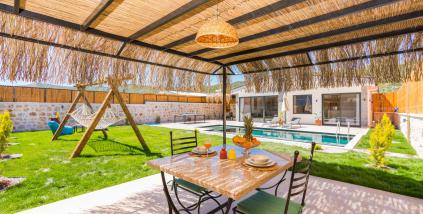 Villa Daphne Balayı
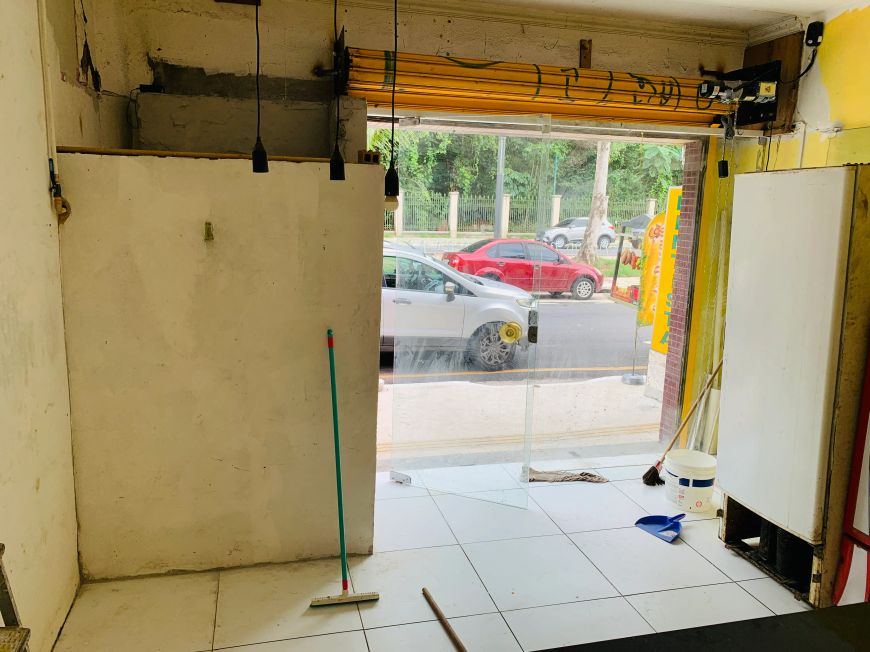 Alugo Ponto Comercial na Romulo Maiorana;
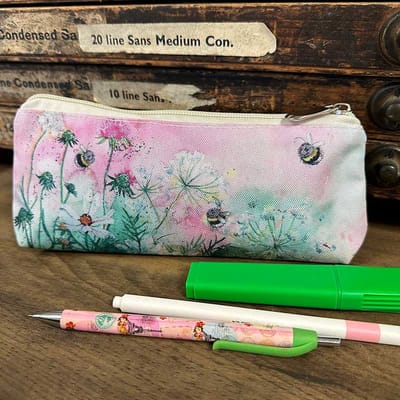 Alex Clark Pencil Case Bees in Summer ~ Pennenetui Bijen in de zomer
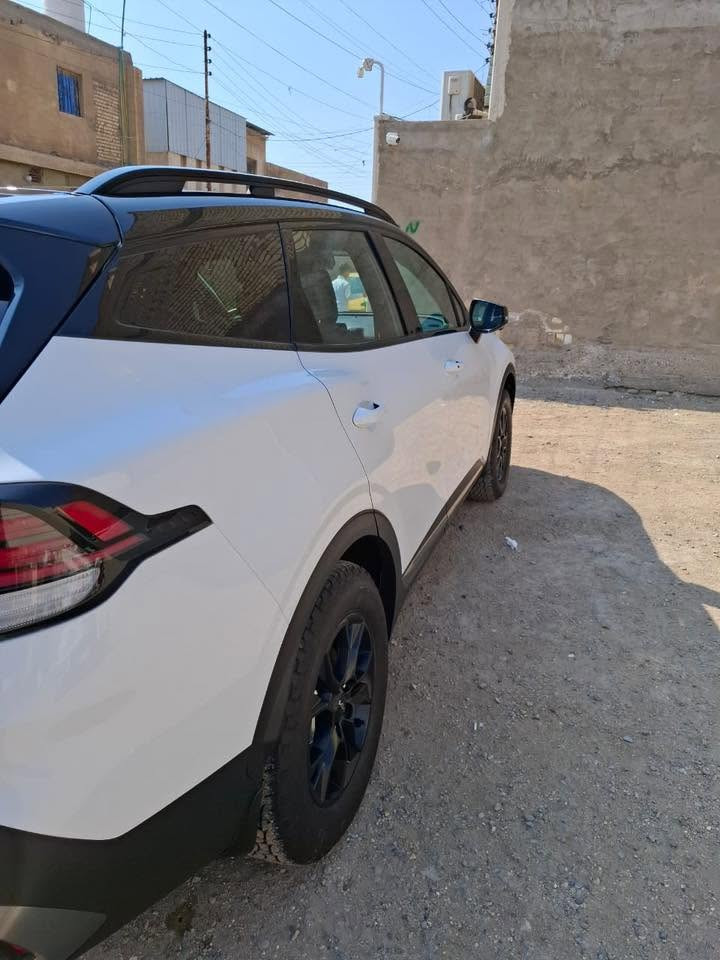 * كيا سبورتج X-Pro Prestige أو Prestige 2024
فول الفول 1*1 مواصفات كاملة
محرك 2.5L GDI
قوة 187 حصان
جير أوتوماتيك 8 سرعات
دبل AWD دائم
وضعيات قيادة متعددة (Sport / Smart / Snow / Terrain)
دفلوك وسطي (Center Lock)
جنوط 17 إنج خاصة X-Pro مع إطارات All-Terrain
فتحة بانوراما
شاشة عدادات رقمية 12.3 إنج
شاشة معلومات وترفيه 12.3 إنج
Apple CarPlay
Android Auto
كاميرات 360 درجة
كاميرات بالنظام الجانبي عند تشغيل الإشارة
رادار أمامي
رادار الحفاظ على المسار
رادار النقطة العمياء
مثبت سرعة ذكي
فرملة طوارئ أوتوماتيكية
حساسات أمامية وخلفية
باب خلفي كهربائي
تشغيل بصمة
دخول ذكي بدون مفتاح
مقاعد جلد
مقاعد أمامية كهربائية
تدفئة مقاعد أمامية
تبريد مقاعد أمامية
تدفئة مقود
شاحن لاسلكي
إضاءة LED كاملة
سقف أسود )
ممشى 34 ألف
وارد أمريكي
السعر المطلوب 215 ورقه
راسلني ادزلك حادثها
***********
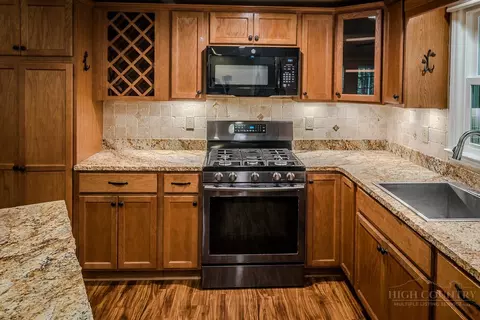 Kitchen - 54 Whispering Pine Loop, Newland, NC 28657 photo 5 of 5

_What you are asked to do_
Return the full listing above exactly as written, and omit the pictures.

_Written response_
 Villa Daphne Balayı
 Alugo Ponto Comercial na Romulo Maiorana;
 Alex Clark Pencil Case Bees in Summer ~ Pennenetui Bijen in de zomer
 * كيا سبورتج X-Pro Prestige أو Prestige 2024
فول الفول 1*1 مواصفات كاملة
محرك 2.5L GDI
قوة 187 حصان
جير أوتوماتيك 8 سرعات
دبل AWD دائم
وضعيات قيادة متعددة (Sport / Smart / Snow / Terrain)
دفلوك وسطي (Center Lock)
جنوط 17 إنج خاصة X-Pro مع إطارات All-Terrain
فتحة بانوراما
شاشة عدادات رقمية 12.3 إنج
شاشة معلومات وترفيه 12.3 إنج
Apple CarPlay
Android Auto
كاميرات 360 درجة
كاميرات بالنظام الجانبي عند تشغيل الإشارة
رادار أمامي
رادار الحفاظ على المسار
رادار النقطة العمياء
مثبت سرعة ذكي
فرملة طوارئ أوتوماتيكية
حساسات أمامية وخلفية
باب خلفي كهربائي
تشغيل بصمة
دخول ذكي بدون مفتاح
مقاعد جلد
مقاعد أمامية كهربائية
تدفئة مقاعد أمامية
تبريد مقاعد أمامية
تدفئة مقود
شاحن لاسلكي
إضاءة LED كاملة
سقف أسود )
ممشى 34 ألف
وارد أمريكي
السعر المطلوب 215 ورقه
راسلني ادزلك حادثها
***********
 Kitchen - 54 Whispering Pine Loop, Newland, NC 28657 photo 5 of 5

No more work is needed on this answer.